> [Problem to work on] Retype the material that follows exactly, limited to the lines from the one with "Venda Direta da" through the one with "Champion Two Tone", and keep out all pictures.

---------- Records for this exercise ----------

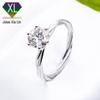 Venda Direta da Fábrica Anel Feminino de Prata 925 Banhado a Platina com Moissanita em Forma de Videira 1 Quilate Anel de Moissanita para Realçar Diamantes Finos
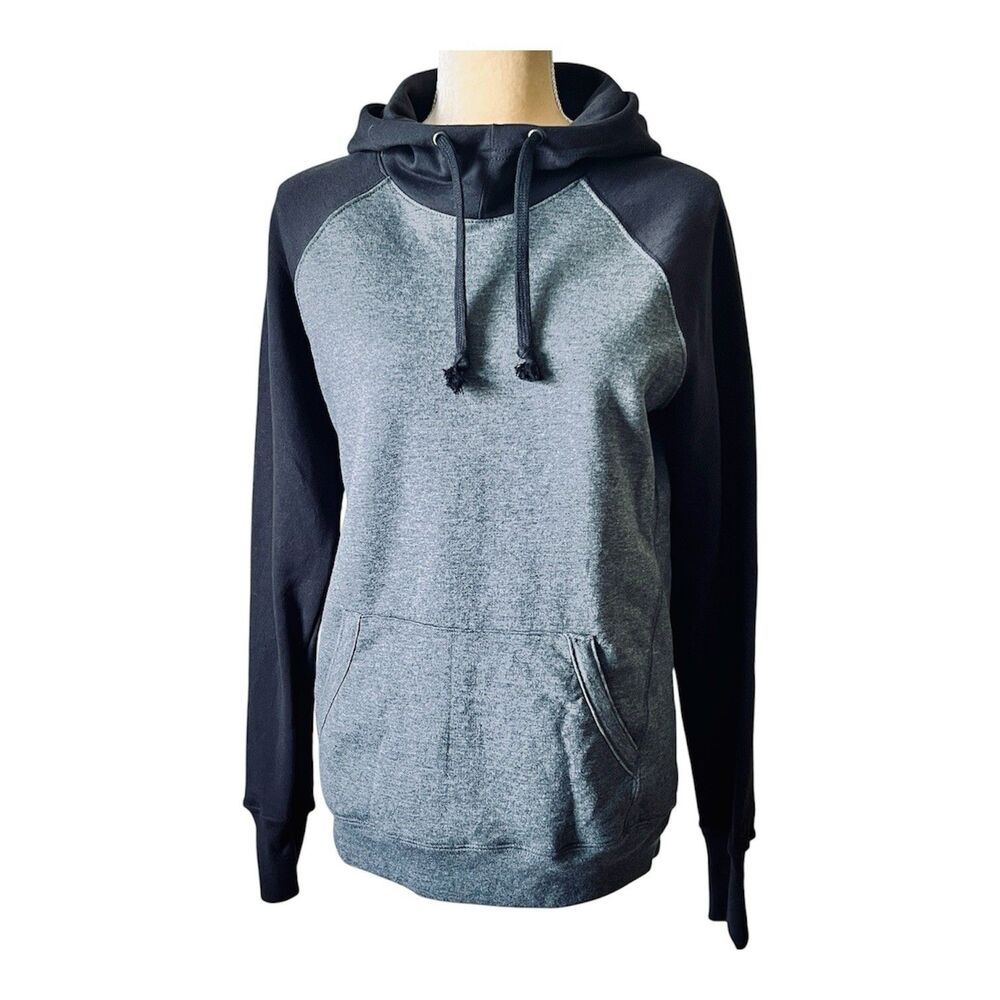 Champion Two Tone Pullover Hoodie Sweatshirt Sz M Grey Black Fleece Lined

----------
---------- Records for this exercise ----------

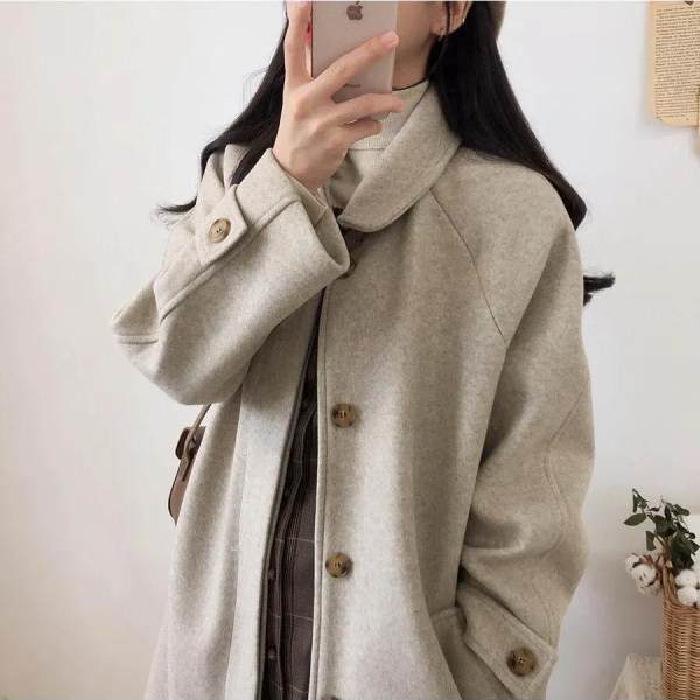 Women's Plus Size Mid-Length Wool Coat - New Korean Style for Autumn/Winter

----------

> [Result for this task]
 Venda Direta da Fábrica Anel Feminino de Prata 925 Banhado a Platina com Moissanita em Forma de Videira 1 Quilate Anel de Moissanita para Realçar Diamantes Finos
 Champion Two Tone Pullover Hoodie Sweatshirt Sz M Grey Black Fleece Lined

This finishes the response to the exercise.